Comment vous êtes-vous intéressé à l’automobile ?
Je suis né au Maroc et depuis, je n’en ai jamais bougé. Ma passion pour l’automobile est née de mon activité professionnelle, qui m’obligeait à me déplacer énormément. En effet, j’avais des chantiers partout au Maroc et je devais sillonner le pays pour superviser l’avancement des travaux. À l’époque, on roulait mieux que maintenant, même s’il n’y avait pas encore d’autoroutes, car on pouvait se permettre des pointes de 150, 160 km/h, sans courir le risque de se faire flasher par un radar. Je savais que je roulais vite, que je roulais bien. Mais je n’avais aucun moyen de savoir si j’avais un bon toucher de volant. Pour avoir une idée de mon potentiel, je me suis donc penché sur la compétition dans les années 60. J’étais un de ces coureurs qui ne cherchaient pas à se spécialiser dans une catégorie bien précise. Je faisais aussi bien du circuit que des rallyes. Je trouvais du plaisir dans les deux disciplines. Mais au-delà de la compétition, j’aimais rouler des heures durant. Et à cette époque là, je ne rechignais pas à partir à 3h00 du matin vers Marrakech s’il y avait une urgence. Ce n’est plus le cas aujourd’hui, puisque avant de prendre la route pour Marrakech, je dois réfléchir trois fois plutôt qu’une (rires…). À force de me déplacer, je suis devenu un gros rouleur, qui a réussi à parcourir cinq millions de km. Peu de gens peuvent s’enorgueillir d’un pareil résultat. Pour beaucoup de personnes, dépasser la barre du million de km est déjà une prouesse en soi. Cet exploit s’explique non seulement par mes fréquents déplacements, mais également par les longues distances qu’on devait parcourir pour faire la reconnaissance d’étape en rallye. En définitive, la voiture était devenue pour moi une sorte de tasse de café dont je ne pouvais plus me passer. Durant mon parcours, J’ai eu affaire à plusieurs voitures : j’en ai cassé, jeté plusieurs (rires…).

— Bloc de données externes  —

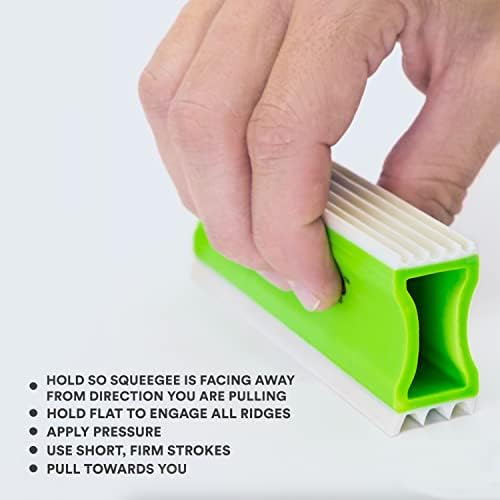 FurDozer Pet Hair Remover & Auto Detailing Tools - Cat & Dog Hair Remover for Carpets, Car Interiors, Couches, Bedding, & Pet Furniture (Green, X3 MEGA - 10" Long)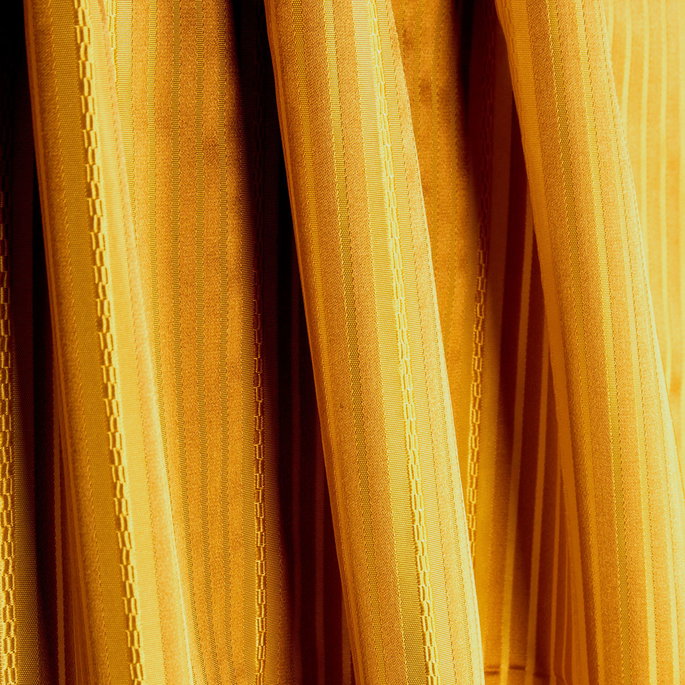 RK Classics Susan Silk Satin Stripe Dandelion Fabric image 2 of 2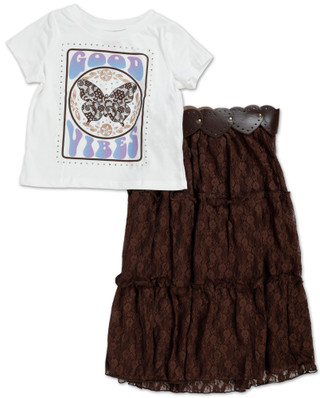 Thumbnail 1: Freestyle Girls 2 Pc Skirt Set 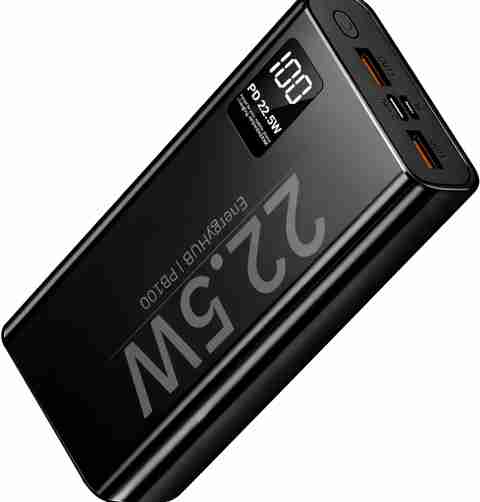 TRPS 32000 mAh 22.5 W Compact Power Bank (Black, Lithium Polymer, Fast Charging for Mobile, Earbuds, Smartwatch, Smartband, Speaker, Tablet, Trimmer) - Image 5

Sans m’en rendre compte, je crois avoir conduit toute la panoplie de voitures possible, aussi bien des françaises que des américaines et j’ai bouclé la boucle avec les voitures allemandes, dont j’ai apprécié la solidité et les performances. C’est d’ailleurs au volant d’un modèle allemand que j’ai fait toutes mes courses !
Est-ce que votre entourage familial a été pour quelque chose dans le déclenchement de cette passion pour la voiture ?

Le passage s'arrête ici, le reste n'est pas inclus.